In 1987, a budding company called Square Company, Ltd. launched Final Fantasy in Japan, inspired by the immense success of Enix's Dragon Quest. Determined to create a game that built upon Dragon Quest's foundation, Square invested all its resources into Final Fantasy's development, knowing full well that their company's fate hinged on its success. Their gamble paid off, and the game was released on the Famicom system in Japan before making its way to the United States in 1990 for the Nintendo Entertainment System (NES).
For its era, the gameplay of Final Fantasy was nothing short of extraordinary. Players were given the option to assemble an adventuring party of four characters, each of whom could be a Fighter, Black Belt, Thief, Red Mage, White Mage, or Black Mage. Every character had unique strengths and weaknesses, with the White Mage specializing in curative and defensive magic, the Black Mage focusing on offensive spells, and the Red Mage boasting a mix of both. Players needed to find the right balance of combat prowess and spell-casting abilities to make the game more manageable. Final Fantasy's gameplay was versatile and engaging, allowing numerous playstyles and accommodating different player preferences, earning it high praise.
The story of Final Fantasy was equally captivating, tasking the player's party with undertaking various quests to progress through the adventure. At the time of its release, the game's narrative and quests were fresh and innovative, setting it apart from other RPGs like Dragon Warrior. While it shared some similarities with Dragon Warrior, Final Fantasy introduced novel ways to accomplish objectives, often requiring players to piece together various items to advance in the game. The player had to think critically and strategically to understand how to effectively utilize the available resources and move the story forward.

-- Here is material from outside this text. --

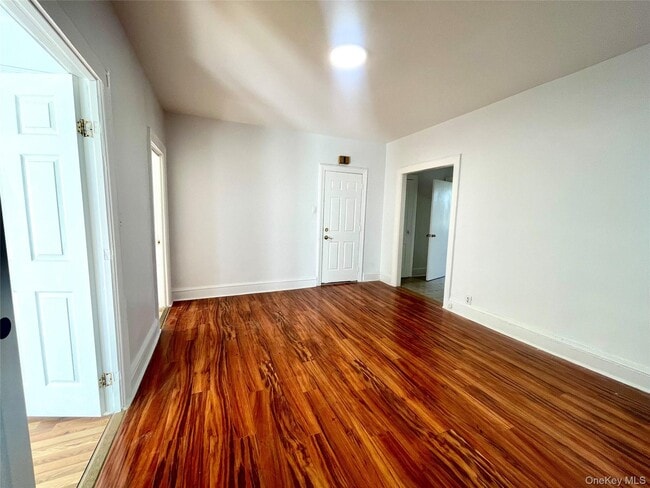 51-60 48th St in Queens, NY - Building Photo - Building Photo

Final Fantasy, along with Dragon Warrior, played a pivotal role in shaping the RPG genre. Many subsequent role-playing games borrowed elements from these two titles, such as the core storylines, goals, and intricate methods for achieving objectives. In essence, Final Fantasy's success not only saved Square Company but also left an indelible mark on the gaming industry, inspiring countless RPGs that followed in its footsteps.